If it is determined that the matter complained of conveys the imputation pleaded by the plaintiff, then the next stage is to determine whether the imputation is defamatory. Here the question is what is the impact of the imputation on a hypothetical audience of ordinary reasonable people. All three counsel have referred in their written submissions to the various definitions of the term "defamatory" given in the English cases. For present purposes, I refer to Mirror Newspaper Ltd v World Hosts Pty Ltd (1979) 141 CLR 632 where Mason and Jacobs JJ, in their joint judgment, said at p.638:


"[The] plaintiff had to prove at common law that the defendant published to a third party a statement about the plaintiff of a kind likely to lead the recipient as an ordinary person to think the less of him."

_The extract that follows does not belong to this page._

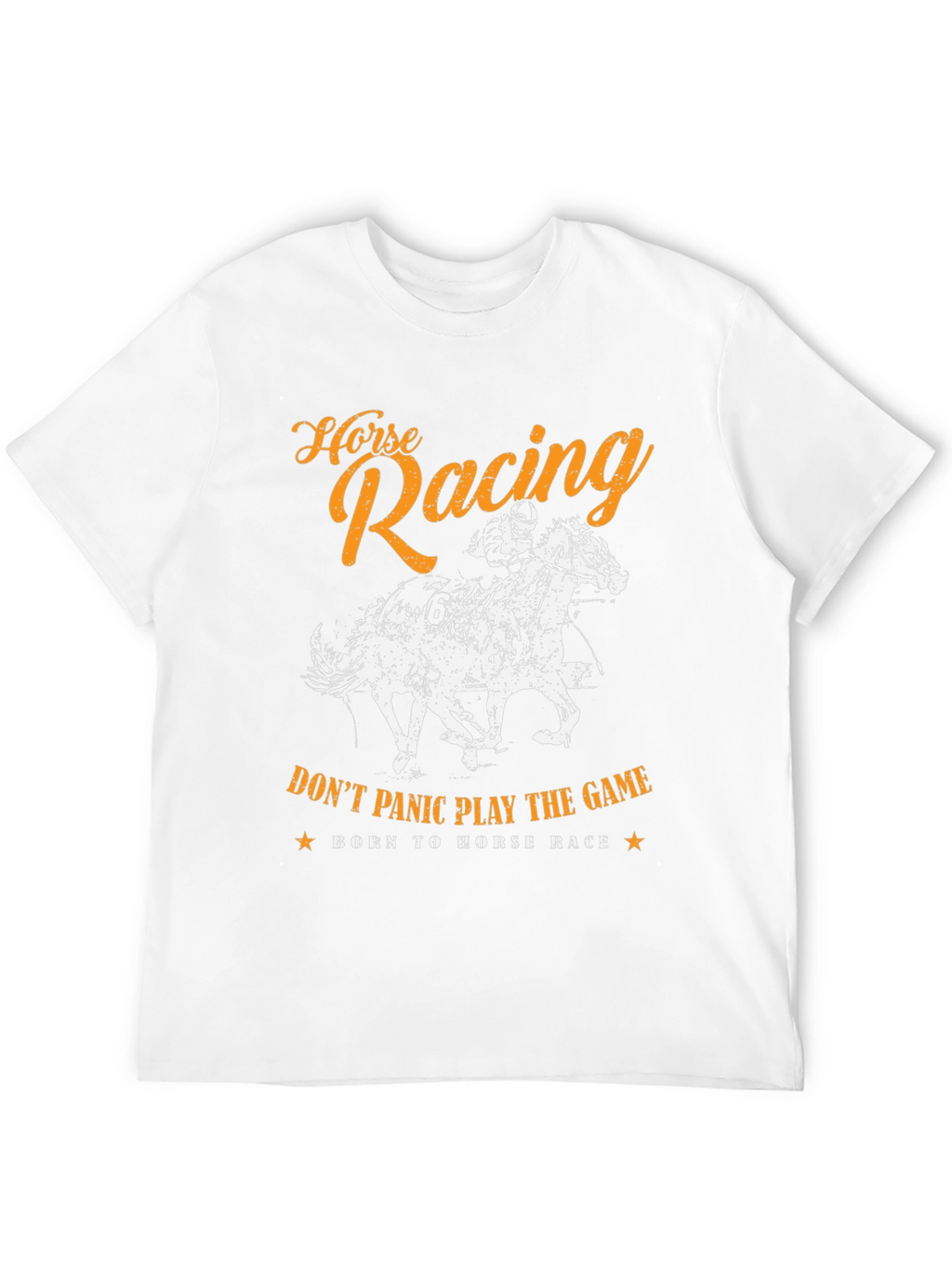 Horse Racing Graphic Print Mens T-Shirt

A similar view was expressed in Mount Cook Group v Johnstone Motors [1990] NZHC 137; [1990] 2 NZLR 488 where Tipping J said at p.497:


"What it comes down to in my view is that the plaintiff must establish that ordinary people of reasonable intelligence, seeing the poster and making the link with Mount Cook, would tend to think less of Mount Cook from the point of view of its commercial ethics and standards."


It follows from these authorities that an imputation would be defamatory of the plaintiff if it is likely to lead hypothetical ordinary reasonable people to think the less of him.


From what has been said, I would accept the submission for the plaintiff that in determining whether the matter complained of carries the imputation pleaded by the plaintiff and whether that imputation is defamatory, the intention of the defendant is irrelevant. The real question is what ordinary reasonable people understood the matter complained of to convey and whether the meaning conveyed is defamatory. What matters is not what the defendant intended to convey, but what ordinary reasonable people understood the matter complained of to convey and whether the meaning conveyed is defamatory.


(d) Whether the matter complained of was published by the defendant


Where it has been determined that the matter complained of conveys the imputation pleaded by the plaintiff and that imputation is defamatory, the next stage is to determine whether the matter complained of was published by the defendant. Publication is usually not an issue between the parties but where it is an issue, it becomes a question of fact for the Judge to decide.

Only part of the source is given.